Si le dialogue oecuménique patine aujourd'hui, c'est parce qu'à mon sens nous avons fait le tour d'un certain oecuménisme cherchant le plus petit dénominateur commun à tout prix, au risque de cacher d'un voile pudique tous les désaccords, toutes les aspérités.Cela donne des célébrations pleines de symboles mais sans grand intérêt. Les catholiques rentrent chez eux en restant convaincus que si les protestants étaient moins de mauvaise foi, ils cesseraient d'enlever du canon biblique tous les livres qui ne vont pas dans le sens de leur doctrine. Et les protestants, persuadés que si les cathos étaient moins ignares, ils liraient l'épître aux Hébreux ou aux Romains, et que tout à coup les écailles tomberaient de leurs yeux.

 

Or l'oecuménisme vrai – comme toute vraie rencontre d'ailleurs – présuppose au minimum de ne pas prendre l'interlocuteur pour un imbécile ou un ignorant. Cela suppose également de parler le même langage. Et donc qu'avant de se balancer à la tête qu'il faut baptiser enfant ou adulte, on comprenne que le baptême des enfants, chez beaucoup d'évangéliques, est aussi absurde que pourrait l'être la confirmation des nouveaux-nés chez les catholiques

 

Mais pour trouver un langage commun, encore faut-il être à l'aise dans sa langue maternelle.

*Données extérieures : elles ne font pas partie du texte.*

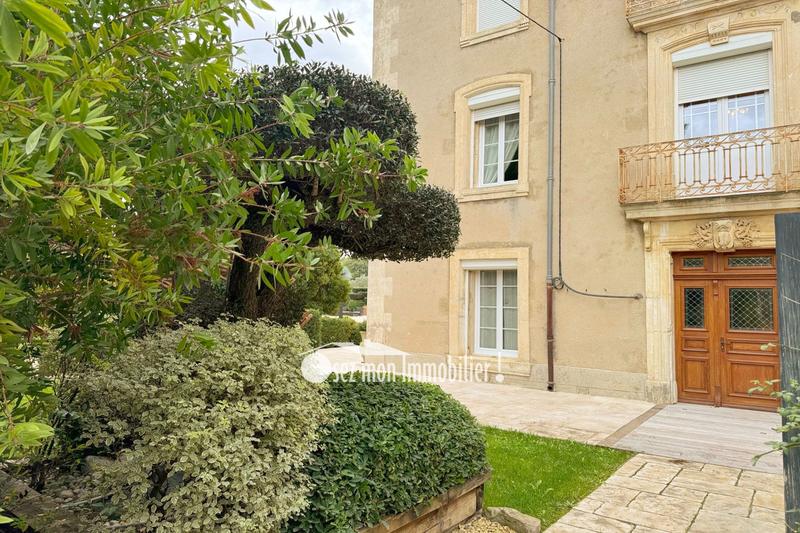 Maison - 273 m² - 8 pièces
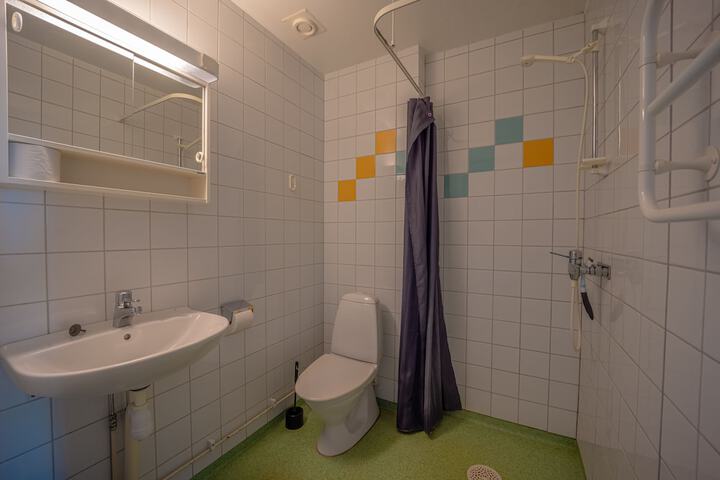 Room 25 of 34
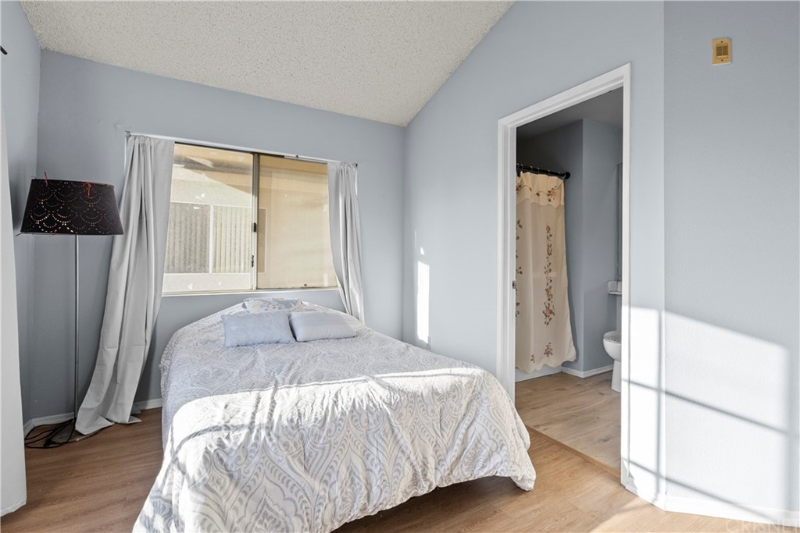 8800 Burnet Avenue - Photo 6 of 10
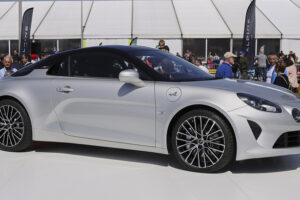 Alpine เปิดตัว A110 GT J. Rédélé Limited Edition ฉลองครบรอบ 100 ปี ผู้ก่อตั้งแบรนด์
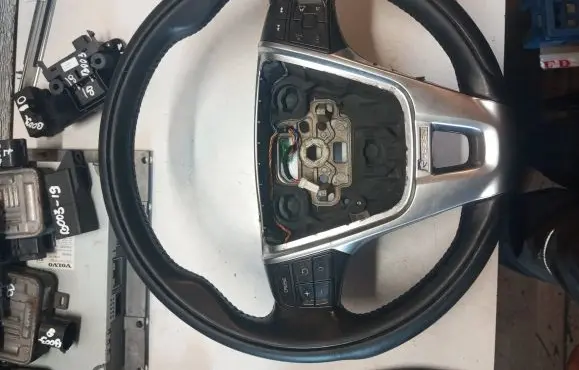 Volvo V60 Steering wheel 31315994 021121651311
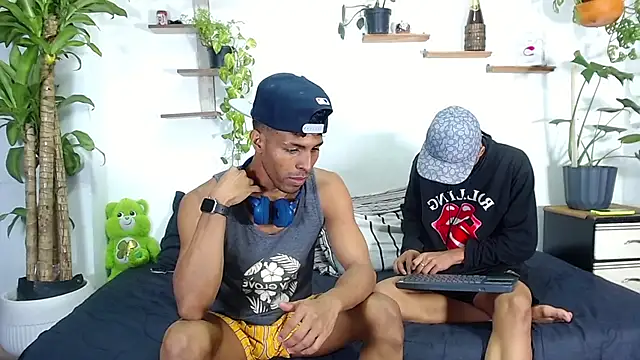 Snapshot of Interracial_Snow_Bunny chatting on February 10, 2026, 7:24 pm Interracial Snow Bunny online show from February 10, 2026, 7:24 pm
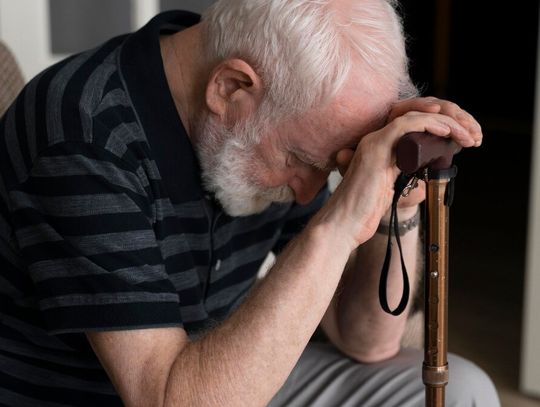 Seniorzy pod kreską i na celowniku oszustów. Miliardy złotych długu
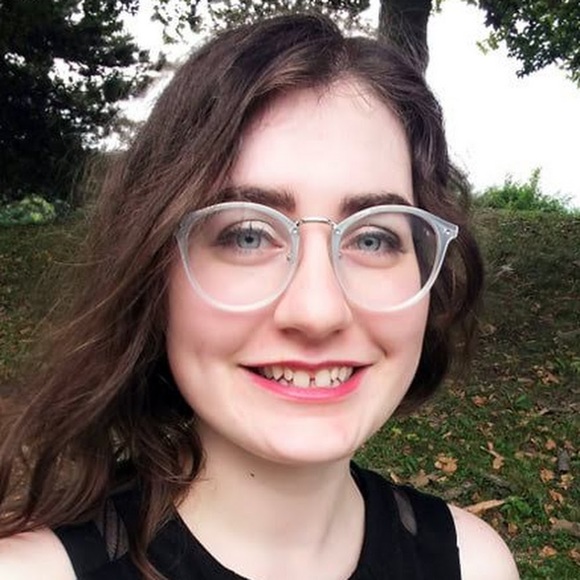 Profile Picture of Miranda Bashwinger (@mbashwinger) on Poshmark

Et ma langue maternelle, c'est l'Eglise catholique, ses dogmes, sa liturgie, sa tradition, sa succession apostolique. C'est pour cela que, toute persuadée que je suis de l'importance cruciale de l'oecuménisme, en particulier dans un temps où les chrétiens sont menacés de se retrouver au musée des vieux trucs inutiles, je signe des deux mains l'initiative de Jean-Baptiste Fourtané, créateur du journal catho gratuit « L'1visible », qui a lancé sur Facebook une initiative qui mérite un peu mieux que les ricanements de circonstance. Parce qu'avant de faire l'unité de l'Eglise du Christ, il faut faire la sienne propre et affirmer ce que l'on est.

 

Pour la Saint-Barthélémy, ce soir, comme chaque année, ce sera barbecue avec mes amies protestantes pour changer des bûchers d'autrefois. Et nous ne craindrons pas de nous mettre les unes et les autres sur le grill de nos convictions, même si plus les années passent, plus je crois que l'oecuménisme, il passe davantage par le compagnonnage de chaque jour avec des proches que par des célébrations de bonne conscience avec des inconnus – puissent les dernières susciter les premières!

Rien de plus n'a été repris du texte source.